Biographical details
- Born: January 13, 1984 (age 41) Raymond, Mississippi, U.S.

Playing career
- 2003–2005: Ole Miss
- 2005: Mahoning Valley Scrappers
- 2005–2007: Kinston Indians
- 2007–2008: Akron Aeros
- 2009: Columbus Clippers
- 2009: Mahoning Valley Scrappers
- 2010: Southern Illinois Miners
- 2011: Tri-City Dust Devils
- 2011: Asheville Tourists
- Position: First baseman / Outfielder

Coaching career (HC unless noted)
- 2012: Ole Miss (SA)
- 2014–2015: Ole Miss (BC)

Administrative career (AD unless noted)
- 2013: Ole Miss (DO)
- 2019–present: Los Angeles Dodgers (Scout)

Accomplishments and honors

Awards
- SEC Player of the Year (2004);

= Stephen Head =

American baseball player (born 1984)

Stephen Anthony Head (born January 13, 1984) is an American professional baseball scout and former infielder and outfielder, who is currently a scout of the Los Angeles Dodgers organization.
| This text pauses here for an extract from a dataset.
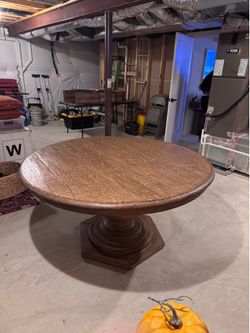 Beautiful Solid Wood Round Pedestal Table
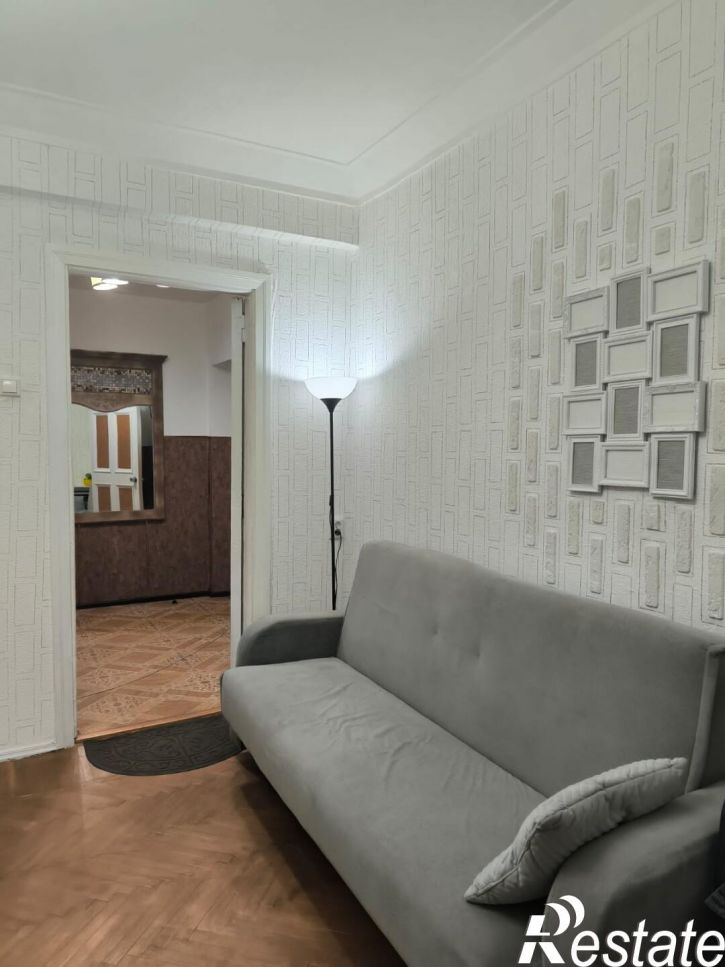 2-комн квартира 35-я линия ул., 49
He played college baseball at Ole Miss for head coach Mike Bianco from 2003 to 2005 before playing professionally from 2005 to 2011. He then spent 4 years as an assistant coach at Ole Miss (2012–2015)

==Early years==
Head attended Hillcrest Christian School (Jackson, Mississippi) and the University of Mississippi. He was the designated hitter for the United States national baseball team during the 2003 Pan American Games, receiving a silver medal for his efforts. In 2004, Head was the inaugural recipient of the Ferriss Trophy (now the C Spire Ferriss Trophy), awarded annually to Mississippi's top collegiate baseball player. Head was selected by the Cleveland Indians with the 62nd overall pick in the 2005 Major League Baseball draft.

==Professional baseball==
From 2005 through 2009, Head played in the Indians' farm system, reaching as high as Triple-A with the Columbus Clippers. Head spent the 2008 season with the Akron Aeros and helped lead the team to the Eastern League Championship Series. He played in 2010 with the independent Southern Illinois Miners of the Frontier League. His final season of professional baseball was 2011, when he pitched for the Class A-Short Season Tri-City Dust Devils, and the Class A Asheville Tourists within the Colorado Rockies organization.